Se o aforismo mclhuaniano é, em termos de teoria da comunicação, redutor e polémico, a resposta que Edgar Morin lhe dá, colocando-o nos domínios da 'antropologia sensorialista' e da epistemologia, vem clarificar um pouco mais a questão. Em todo o caso, o aforismo the media is the message poderia ter despoletado, de algum modo, uma clarificação do velho modelo do processo de comunicação. Aqui, de facto, não estamos de acordo com o que um prestigiado crítico de televisão norte-americano, Michael Arlen, publicou no final dos anos 60 sobre o polémico mcluhanismo, dizendo que os seus aforismos tinham tido como principal resultado a 'diminuição da discussão'... Talvez que isso, nalguns casos, até fosse verdade... «A lot of people, I know, are down on him these days, because he's been so much in the public eye (...) and because, they say, he's inconsistent, which he is, and often wrong, which he is, and unfunny, which he certainly is, and even (they say) unoriginal. The thing is, about fifteen years ago, when McLuhan - then, as now, a teacher of undergraduate English courses - began writing about print and type and communications and media. He didn’t claim to be entirely original. Most of these notions about print and type and western man had been written about for a number of years by a number of people (even though the editions of Life may not have been reading them then). What McLuhan did that was original was to put them together in a new way and add a sort of twist of his own that gave them relevance and expensiveness (...). These days I get the feeling that the principal result of what he writes and speaks has been to diminish discussion. When he touches something ("the technology of the railway created the myth of a green-pasture world of innocence". "Pop Art simply tells you the only art form left for you today is your own natural environment"), he seems to do it in such a way that although there's often substance or interest in his thought, the effect is somehow to close the subject off, to leave it in the end (despite the aphorist crackle) more dead then alive 18.»
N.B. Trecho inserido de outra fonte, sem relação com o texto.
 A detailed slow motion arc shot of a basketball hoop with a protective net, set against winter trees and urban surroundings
De alguma maneira McLuhan coloca em evidência a antropo-história (o meio como extensão do homem) e nesse sentido a mensagem não é mais senão uma também extensão fortuita, sensorial, no processo de comunicação, e não o objecto de comunicação. Mesmo aqueles que consideram que o aforismo significa, ao fim e ao cabo, que o conteúdo do que é comunicado importa menos do que o modo como é feito, não estarão certamente seguros de que tenha sido a partir daí que se passou a dar uma renovada importância à especificidade do meio 19 .
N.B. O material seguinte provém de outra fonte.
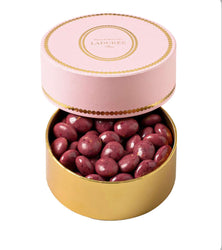 Round gold tin with pink lid containing purple candies, branded 'Ladurée'.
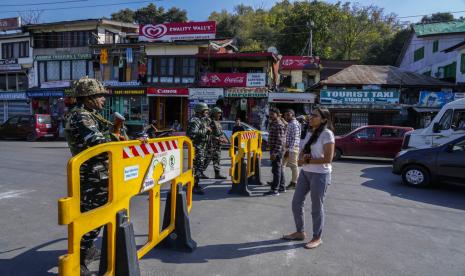 Tentara paramiliter India berjaga-jaga saat turis meminta izin untuk menyeberangi pos pemeriksaan sementara di dekat Danau Dal di Srinagar, Kashmir yang dikuasai India, Rabu, 5 Oktober 2022. Keamanan telah ditingkatkan saat Menteri Dalam Negeri India Amit Shah menjalani tiga hari kunjungan ke wilayah yang disengketakan.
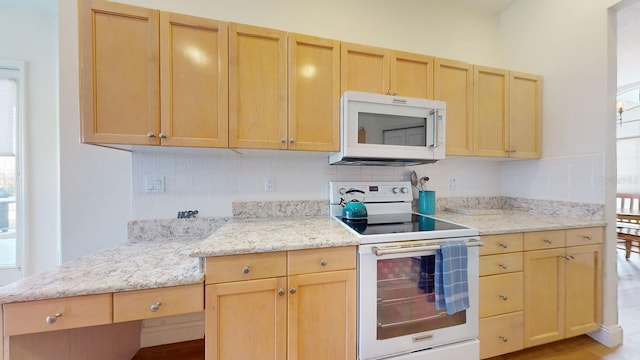 kitchen featuring light brown cabinetry, backsplash, white appliances, and light stone counters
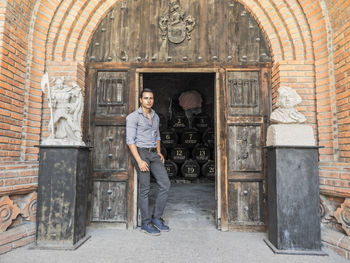 Portrait of man standing at wine cellar entrance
Tido como «o mais proeminente discípulo» de Harold Adams lnnis 20, Marshall McLuhan, cuja obra tentaremos agora analisar naquilo que tem de mais pertinente, foi, na segunda metade dos anos 80, uma referência implícita óbvia, ainda que na maior parte das vezes cuidadosamente evitada, por parte dos seus quase-epígonos, que, dir-se-ia, proliferam nas ciências sociais como seus prolongamentos e/ou desenvolvimentos. Essa será, porventura, a melhor homenagem que se lhe poderia prestar.
Numa leitura transversal dos seus textos essenciais passaremos necessariamente por cima da sua fase de crítica literária, após formação superior em engenharia (1934), correspondendo aos anos 30/40; veremos, de passagem, a sua 'fase de transição' - anos 50 - altura em que publica The Mechanical Bride e insistiremos sobretudo nas suas produções dos anos 60, período em que publicou as suas obras de maturidade.
O eixo do seu pensamento, por assim dizer, centra-se em dois aforismos fundamentais: um, o conhecido the medium is the message; o outro, o de que é a natureza dos meios, as tecnologias da comunicação propriamente ditas - e não o modo de produção, como bem referiu Harold lnnis, que informa, estigmatiza e estrutura o modelo das sociedades - e, portanto, acrescentaríamos nós, a própria história.
Isto mesmo nos parece estar claramente presente quando McLuhan pergunta porque é que Marx não apanhou o comboio da comunicação. No fundo, como escreveu Harold Rosenberg 21 , McLuhan substituiu o 'fetichismo das mercadorias' de Marx pelo fetichismo dos media para explicar as diversas crenças que dominaram o homem nas diferentes épocas.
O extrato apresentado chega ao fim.